_Problem_: Your copy should begin with the line containing "Victorias Secret PINK", end with the line containing "HOOKMEMO Wooden frame", match the listing below exactly, and contain no pictures.

_Data section_:
========
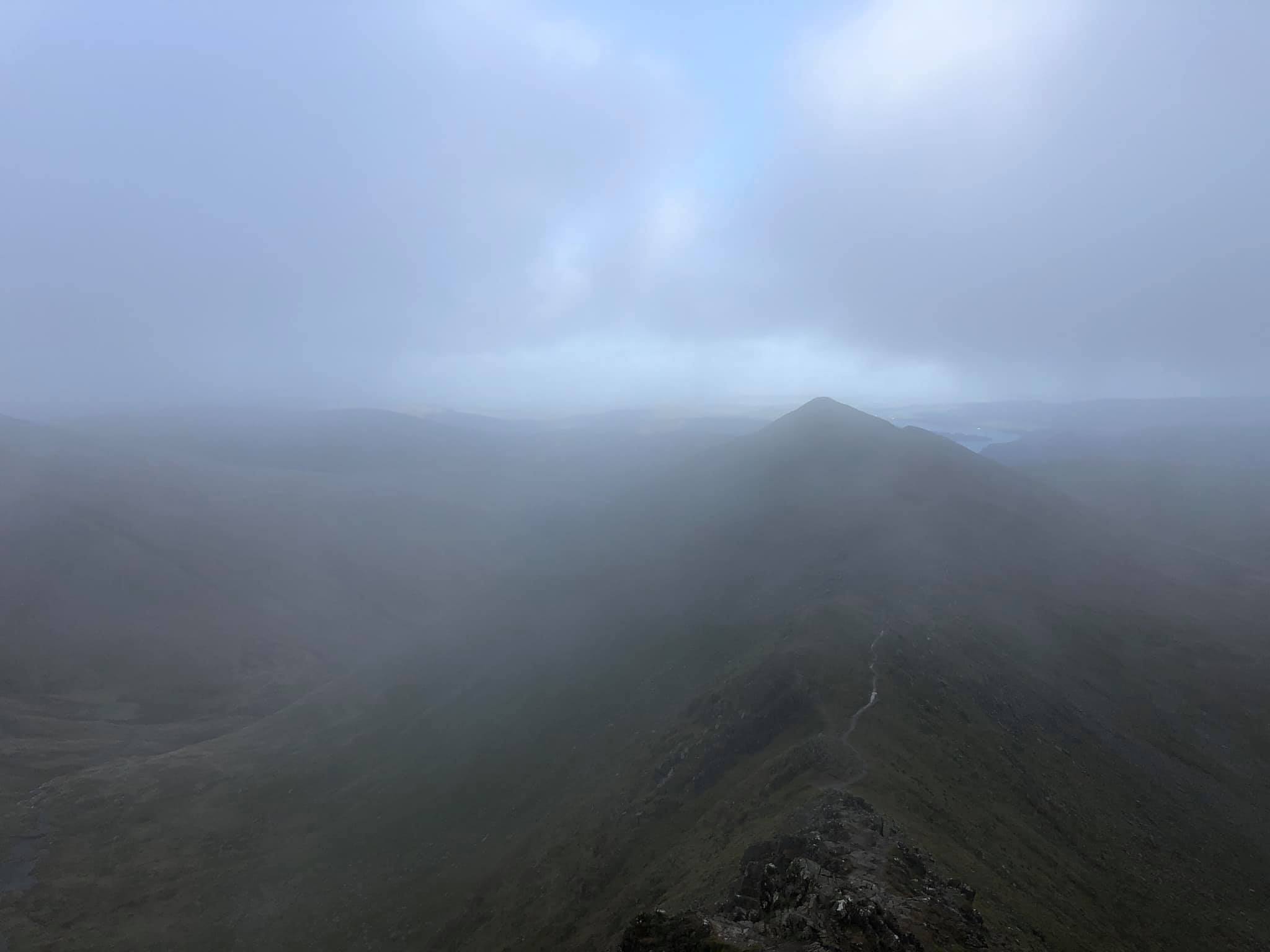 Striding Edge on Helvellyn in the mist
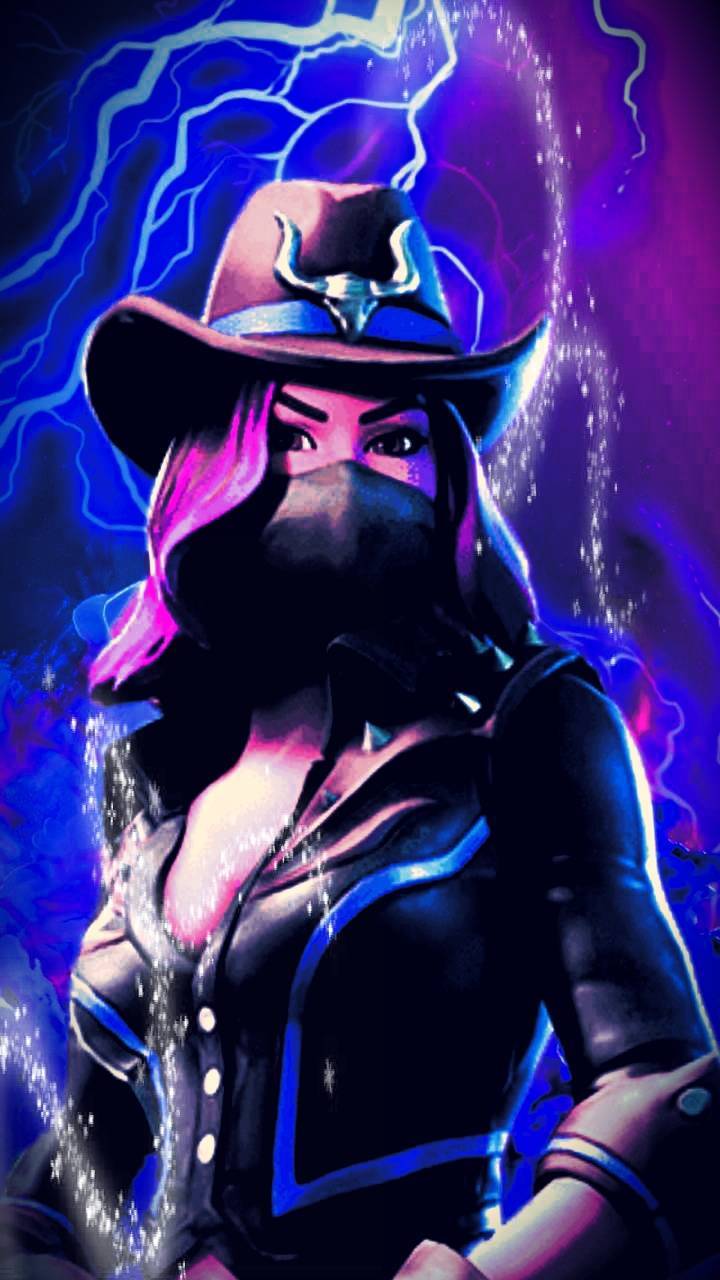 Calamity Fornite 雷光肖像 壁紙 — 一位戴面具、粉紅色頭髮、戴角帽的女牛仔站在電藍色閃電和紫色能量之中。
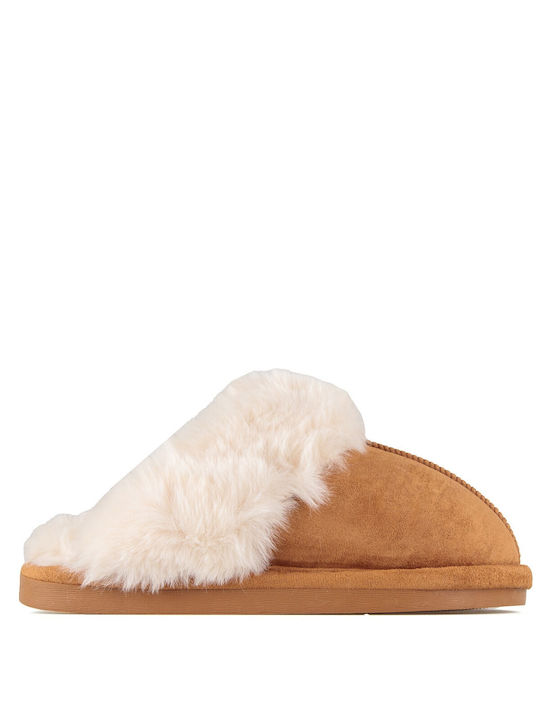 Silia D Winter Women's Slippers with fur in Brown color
========
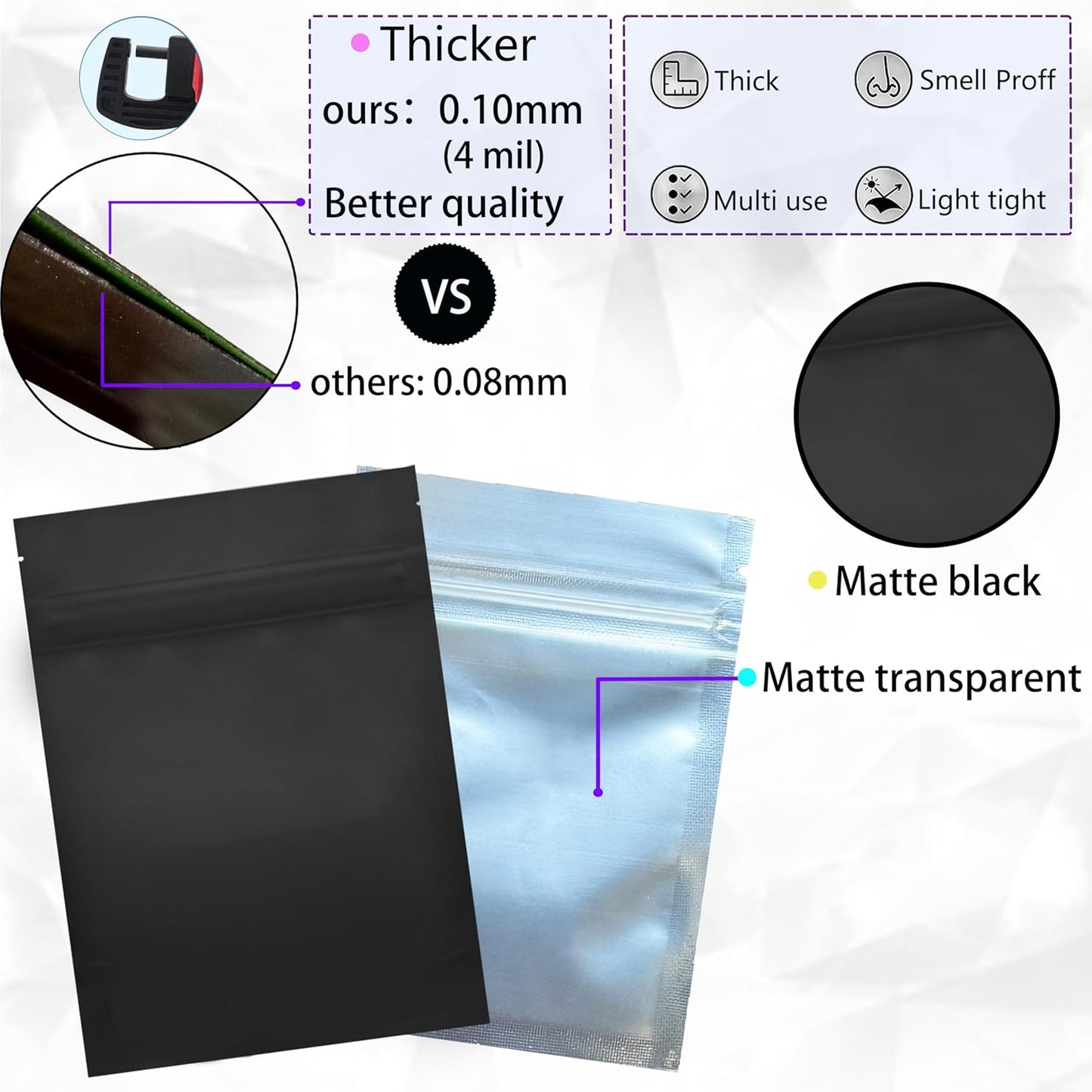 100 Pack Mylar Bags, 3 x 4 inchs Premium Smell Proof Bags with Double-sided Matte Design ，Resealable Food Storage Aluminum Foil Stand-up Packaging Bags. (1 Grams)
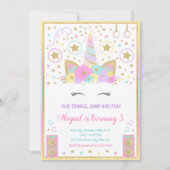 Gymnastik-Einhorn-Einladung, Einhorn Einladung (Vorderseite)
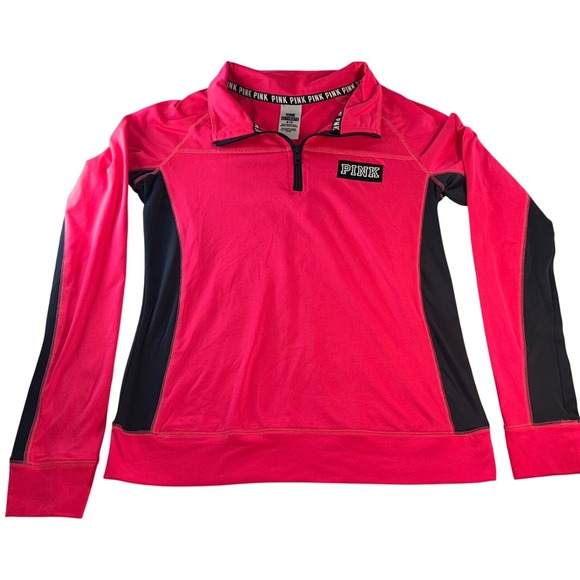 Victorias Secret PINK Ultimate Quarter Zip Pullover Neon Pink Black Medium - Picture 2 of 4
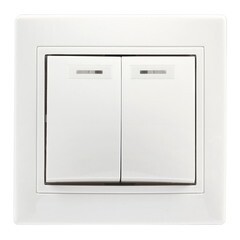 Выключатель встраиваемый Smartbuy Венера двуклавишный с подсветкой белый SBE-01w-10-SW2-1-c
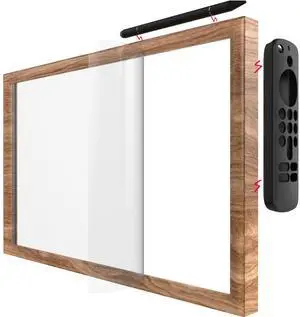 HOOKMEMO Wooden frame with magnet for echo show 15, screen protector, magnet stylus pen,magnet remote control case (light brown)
========
_Your solution_:
 Victorias Secret PINK Ultimate Quarter Zip Pullover Neon Pink Black Medium - Picture 2 of 4
 Выключатель встраиваемый Smartbuy Венера двуклавишный с подсветкой белый SBE-01w-10-SW2-1-c
 HOOKMEMO Wooden frame with magnet for echo show 15, screen protector, magnet stylus pen,magnet remote control case (light brown)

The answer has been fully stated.